Weed science is a scientific discipline concerned with plants that may be considered weeds, their effects on human activities, and their management "a branch of applied ecology that attempts to modify the environment against natural evolutionary trends.".

==History==
Weeds have existed since humans began settled agriculture have existed since the advent of settled agriculture around 10,000 years ago it has been suggested that the most common characteristic of the ancestors of our presently dominant crop plants is their willingness—their tendency to be successful, to thrive, in disturbed habitats, mostly those around human dwellings. Farmers have likely always been aware of weeds in their crops, although the evidence for their awareness and concern is nearly all anecdotal.

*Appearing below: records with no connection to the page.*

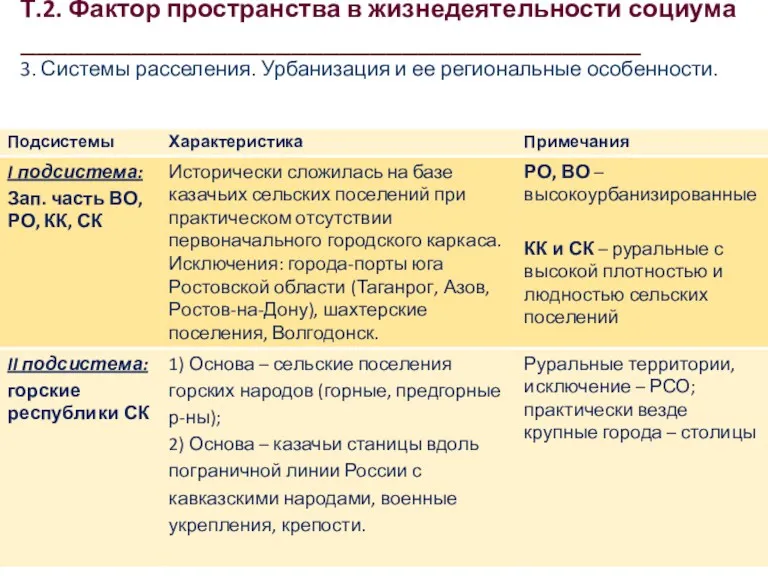 * Т.2. Фактор пространства в жизнедеятельности социума _______________________________________ 3. Системы расселения. Урбанизация и ее региональные особенности.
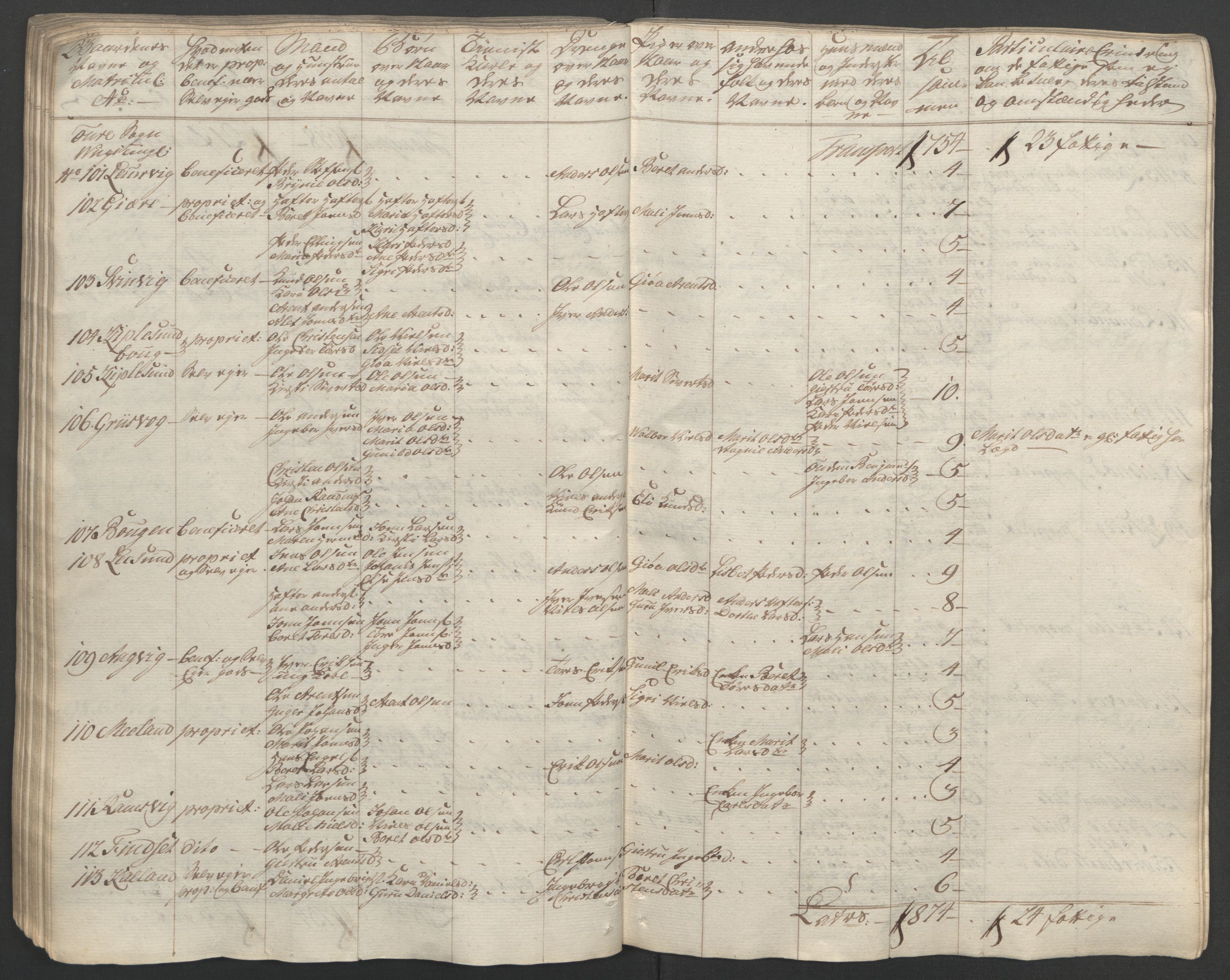 Rentekammeret inntil 1814, Reviderte regnskaper, Fogderegnskap, AV/RA-EA-4092/R56/L3841: Ekstraskatten Nordmøre, 1762-1763, p. 109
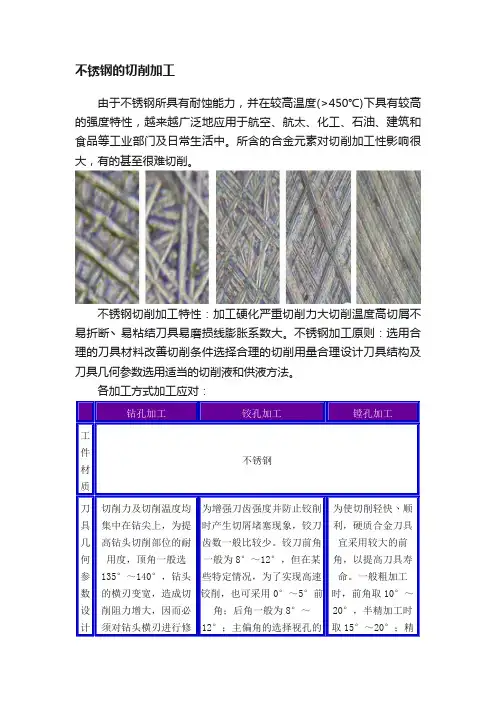 不锈钢的切削加工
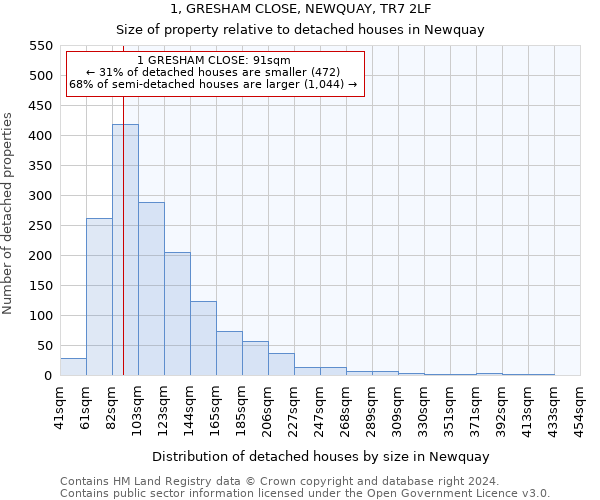 1, GRESHAM CLOSE, NEWQUAY, TR7 2LF: Size of property relative to detached houses in Newquay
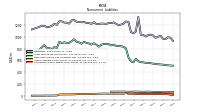 Operating Lease Liability Noncurrent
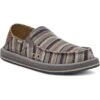 Sanuk Donny Blanket | Loafers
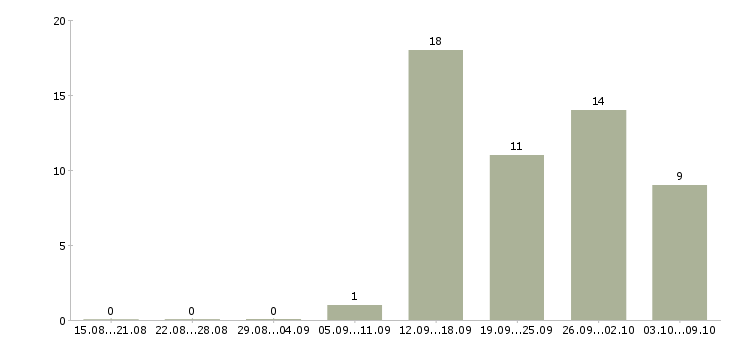 Работа работники склада в Иркутске - Число вакансий в Иркутске по специальности работники склада за 2 месяца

Unlike other agricultural sciences like entomology or plant pathology, the emergence of weed science is comparatively recent, occurring largely within the 20th century and coinciding with the development of herbicides.

Weeds are controlled in much of the world by hand (roguing) or with crude hoes. The size of a farmer's holding and yield per unit area are limited by several things and paramount among them is the rapidity with which a family can weed its crops. More human labor may be expended to weed crops than on any other single human enterprise, and most of that labor is expended by women. Weed control in the Western world and other developed areas of the world is done by sophisticated machines and by substituting chemical energy (herbicides) for mechanical and human energy. There is a relationship between the way farmers control weeds and the ability of a nation to feed its people. Successful weed management is one of the essential ingredients to maintain and increase food production.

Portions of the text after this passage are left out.